The contiuity of $f_n(x)=\int_0^{1/n} n f(x-u) du.$ Let $f:\mathbb R\to \mathbb R$ be continuous. Then, prove that　$f_n(x)=\displaystyle\int_0^{1/n} n f(x-u) du$ is continuous on $\mathbb R$ for each $n\in \mathbb N$.
I tried but I couldn't do well.

Fix $n \in \mathbb N$ and fix $a\in \mathbb R$. I'll prove $f_n$ is continuous at $a$.
Let $\epsilon >0$.
(I have to find some $\delta >0.$)
When $|x-a|<\delta,$
\begin{align}
|f_n (x)-f_n(a)|
&=\left| \int_0^{1/n} n f(x-u)-nf(a-u) du\right| \\
&\leqq n \int_0^{1/n} |f(x-u)-f(a-u)| du.
\end{align}
If I could find $\delta>0 $ s.t. $|x-a|<\delta \Rightarrow |f(x-u)-f(a-u)|< \epsilon,$ I come to conclusion.

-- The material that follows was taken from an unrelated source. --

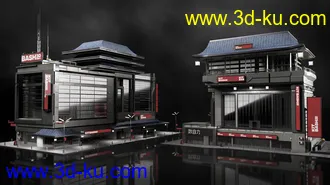 未来巨大城市模型,科幻城市模型,新上海模型的图片
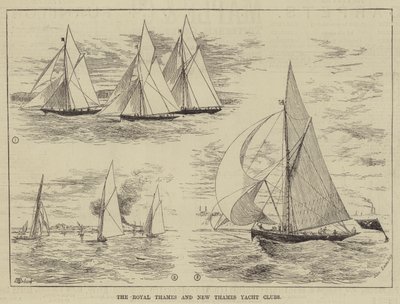 Royal Thames and New Thames Yacht Clubs autorstwa Thomas Harrington Wilson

I think I have to use the continuity of $f$, but both $f(x-u)$ and $f(a-u)$ includes variable $u$ so I don't know how I should use the continuity of $f$.
Thanks for your help.
 A: Set $g(x,y)=f(x-y)$. Let $a\in\mathbb R$ and $\varepsilon >0$. You have that $g$ is continuous on $[a-1,a+1]\times [0,1/n]$. In particular $g$ is uniformly continuous on $[a,-1,a+1]\times [0,1/n]$, and thus, there is $\delta=\delta (a,\varepsilon ) \in (0,1)$ s.t. for all $|x-a|\leq \delta $ and all $u\in [0,1/n]$,$$|g(x,u)-g(a,u)|<\varepsilon .$$
Therefore, $$|f_n(x)-f_n(a)|\leq \varepsilon ,$$
whenever $|x-a|\leq \delta $ as wished.
A: If $|x-a| <1$ and $u \in (0,\frac  1n)$ then  $x-u$ and $a-u$ both belong to $[a-1,a+1]$. $f$ is uniformly continuous on this interval. Now you can choose your $\delta$ so that $|f(x-u)-f(a-u)| <\epsilon$.
A: In this single-variable case, one can make a simple change of variables $t=x-u$ to get
\begin{align}
f_n(x):=\int_0^{1/n}nf(x-u)\,du=-\int_{x}^{x-\frac{1}{n}} nf(t)\,dt.
\end{align}
So, if one defines $F:\Bbb{R}\to\Bbb{R}$ as $F(x)=\int_0^xf(t)\,dt$, then $f_n(x)=-n[F(x-\frac{1}{n})-F(x)]$. Note that from the fundamental theorem of calculus (which we can apply since $f$ is continuous), $F$ is actually $C^1$ (because $F'=f$ is continuous). Therefore, each $f_n$ is also $C^1$.